The quantity is a far cry from what is needed to bridge the supply gap and cushion the suffering of local carriers who have been forced to scale down their operations in recent times.
Of the 30 vessels expected at the Lagos Pilotage District for November 2016, nine are laden with a combined tonnage of 259,609.620 metric tonnes of petrol (Premium Motor Spirit) and out of four motor vessels awaiting berth at anchorage, two are carrying PMS of a combined tonnage of 22,500, while one is laden with 15,000 MT of Jet A1.
The development paints a gloomy picture for domestic operators ahead of the Yuletide when passenger volume is expected to swell by up to 40 per cent.
It was learnt that the product has been arriving in ‘trickles’ in the last few months, a situation that underscores the severity of the current scarcity.
Arik Air, the largest airline in Nigeria and West Africa, recently informed its customers of plans to reduce the number of routes it services as the scarcity of Jet A1 has almost crippled its operations.
The scarcity has also disorganised the schedules of the local carriers that cancel flights repeatedly. Some vital routes like Lagos-Abuja run on an unreliable schedule as a 10am flight may not depart until 3pm because the airlines wasted vital time searching for fuel.

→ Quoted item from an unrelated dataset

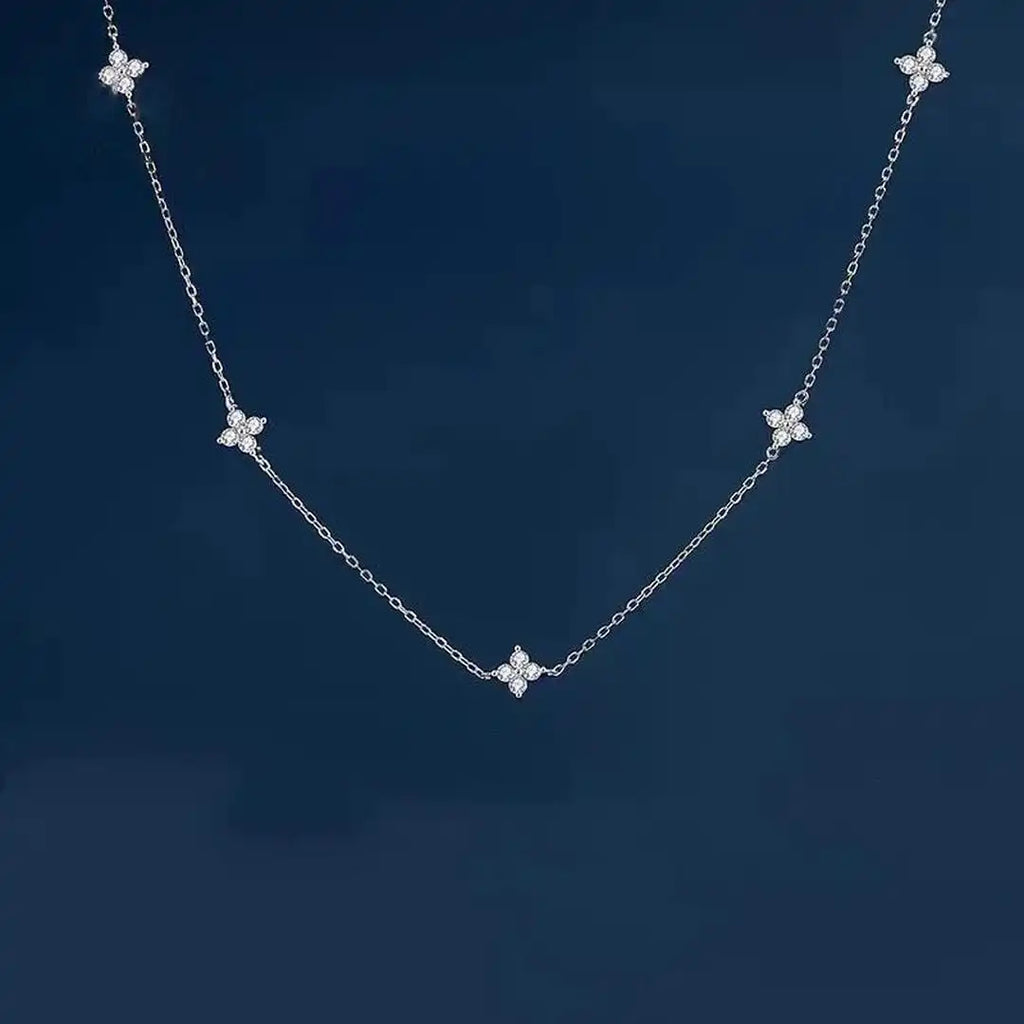 Hermosa Collar de Zirconia Incrustada en Flor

While local airlines groan over the scarcity, foreign airlines have taken solace in refuelling in neighbouring Ghana or Cote d’Ivoire, even as the crippling scarcity has triggered concerns of the likelihood of the demise of more local airlines after Aero.
Similarly, automotive gas oil (diesel), which price unit has spiked at over N200 per litre is not about to get a reprieve. Only 10,000 tonnes are coming aboard Westminster through Lagos ports.
However, motorists may be in for a crisis-free season as over 282,109.62 metric tonnes of petrol will be shipped into the country, which is cheering news for road users for a season hitherto characterised by crippling product scarcity. The consignments of petrol are coming aboard 11 vessels through Lagos ports, part of the over 30 vessels expected to berth in the next two weeks.